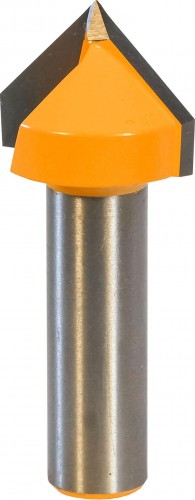 Фреза по дереву ЭНКОР  гальтельная v-обр. ф25.4, 90°,хв.12мм 9305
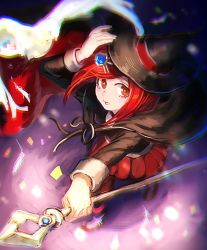 Rule 34 | 1girl, arms up, black cape, black hat, cape, commentary request, danganronpa (series), danganronpa v3: killing harmony, from above, gem, hair ornament, hairclip, hand on headwear, hat, highres, holding, holding staff, jacket, long sleeves, looking at viewer, open mouth, outstretched arm, pleated skirt, red eyes, red hair, red skirt, school uniform, short hair, skirt, smile, solo, staff, visket53, witch hat, yumeno himiko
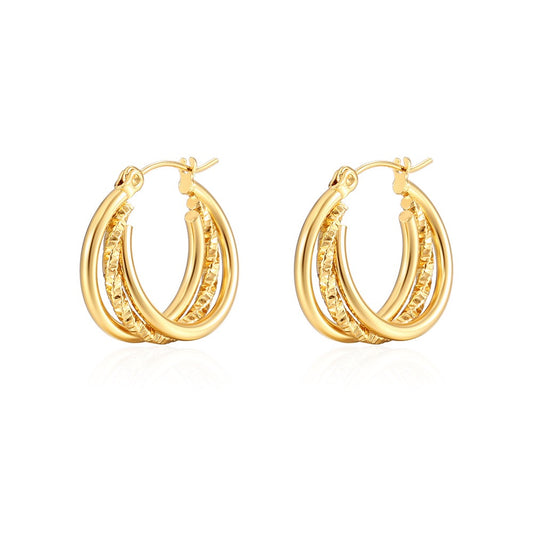 Shiny triple hoops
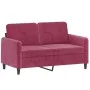 Sofa set with cushions 2 pieces red velvet by , Sofas - Ref: Foro24-3201998, Price: 483,43 €, Discount: %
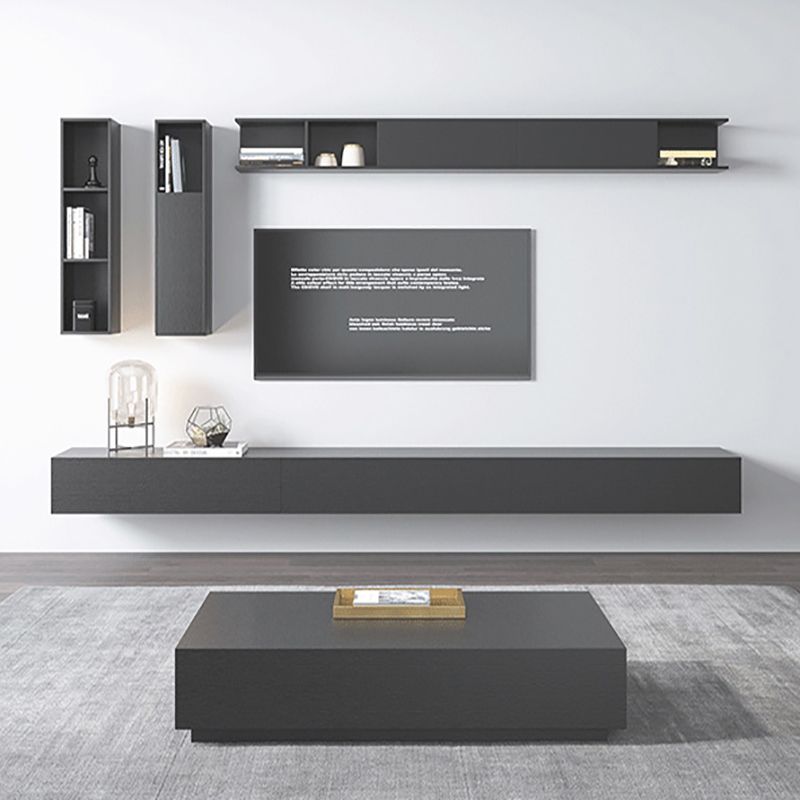Modern Wood TV Stand Console Floating Black TV Media Stand for Living Room Clearhalo 'furn' 'furn_tv_stands_entertainment_centers' 'Furniture' 'Living Room Furniture' 'TV Stands & Entertainment Centers' 'TV Stands & Media Storage Furniture' 'tv_stands_entertainment_centers' 1200x1200_948868dd-2f49-4b47-8c1d-b4cf87164e00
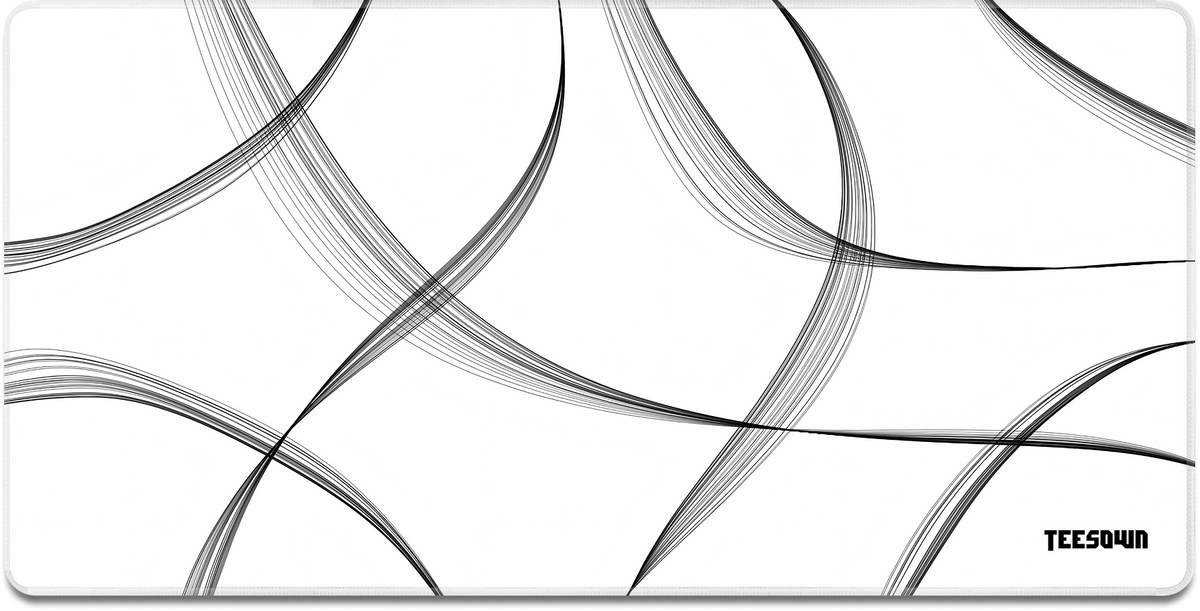 White Minimal Strokes Deskmat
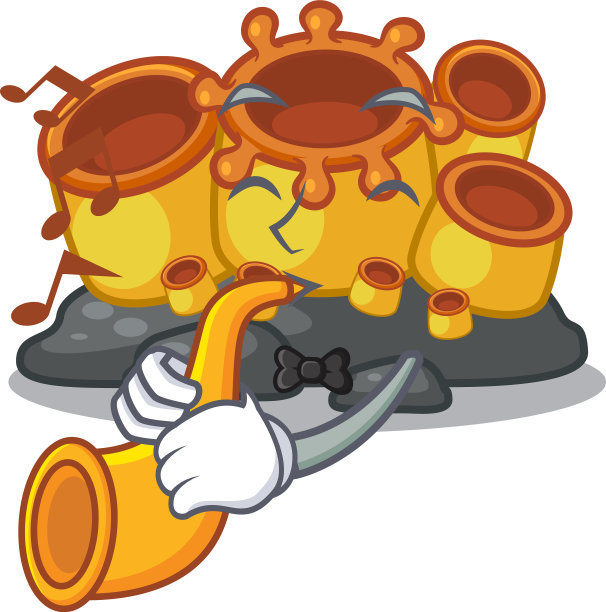 与喇叭橙色海绵珊瑚卡通海洋图片下载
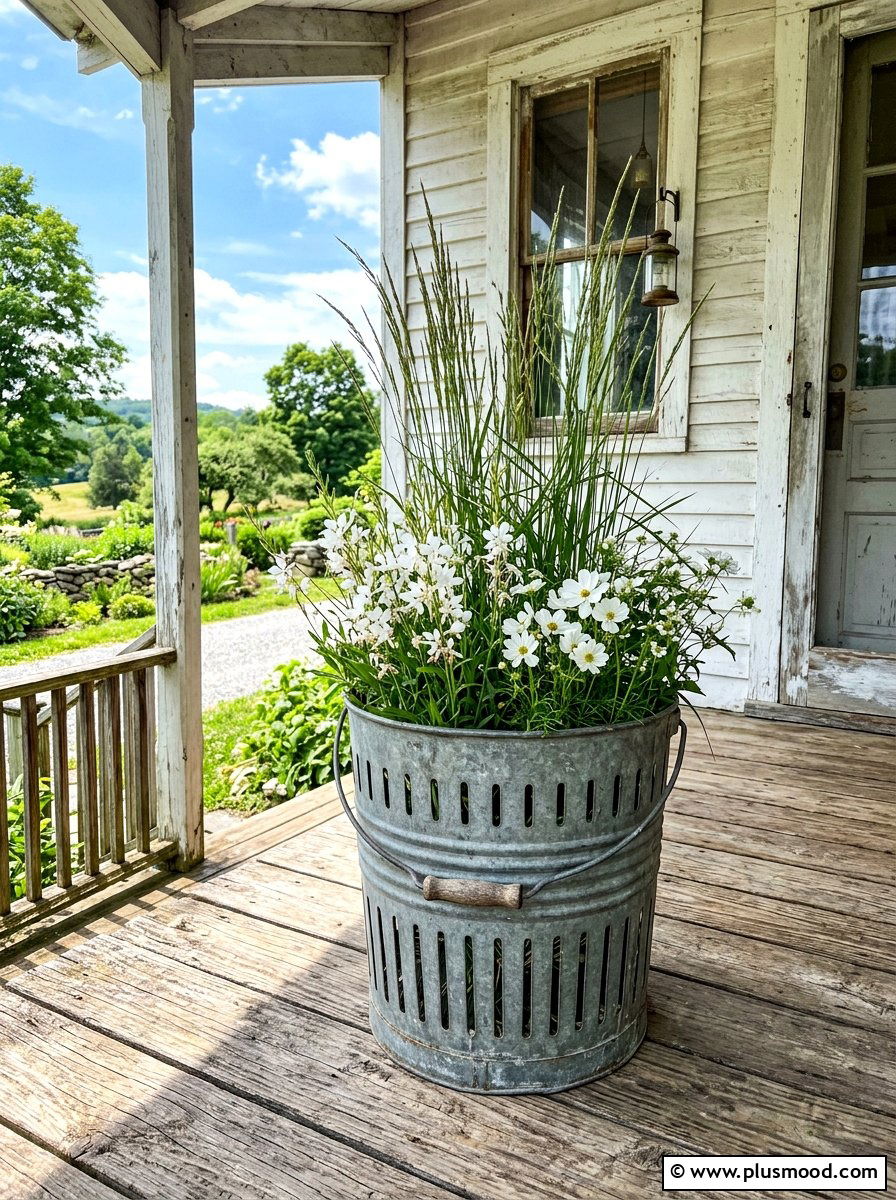 Metal Olive Bucket Planter - 25 summer farmhouse planter ideas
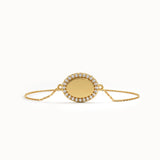 Pave Lab Diamond Oval Gold Bracelet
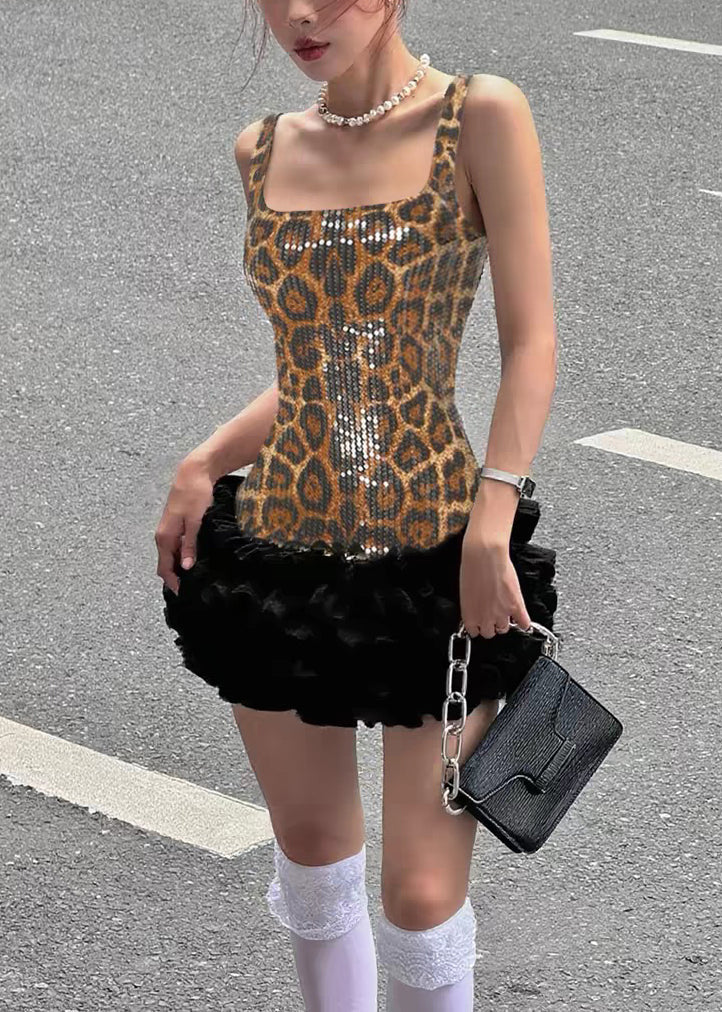 Slim Fit Silver Sequins Ruffled Patchwork Spaghetti Strap Dress Sleeveless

» REQUIREMENT
When you reach the line containing "Rule 34 | 1girl, arms" in the records above, write out that line and every line after it through the end, exactly, but omit the pictures.

» REPLY
 Rule 34 | 1girl, arms up, black cape, black hat, cape, commentary request, danganronpa (series), danganronpa v3: killing harmony, from above, gem, hair ornament, hairclip, hand on headwear, hat, highres, holding, holding staff, jacket, long sleeves, looking at viewer, open mouth, outstretched arm, pleated skirt, red eyes, red hair, red skirt, school uniform, short hair, skirt, smile, solo, staff, visket53, witch hat, yumeno himiko
 Shiny triple hoops
 Sofa set with cushions 2 pieces red velvet by , Sofas - Ref: Foro24-3201998, Price: 483,43 €, Discount: %
Modern Wood TV Stand Console Floating Black TV Media Stand for Living Room Clearhalo 'furn' 'furn_tv_stands_entertainment_centers' 'Furniture' 'Living Room Furniture' 'TV Stands & Entertainment Centers' 'TV Stands & Media Storage Furniture' 'tv_stands_entertainment_centers' 1200x1200_948868dd-2f49-4b47-8c1d-b4cf87164e00
 White Minimal Strokes Deskmat
 与喇叭橙色海绵珊瑚卡通海洋图片下载
 Metal Olive Bucket Planter - 25 summer farmhouse planter ideas
 Pave Lab Diamond Oval Gold Bracelet
 Slim Fit Silver Sequins Ruffled Patchwork Spaghetti Strap Dress Sleeveless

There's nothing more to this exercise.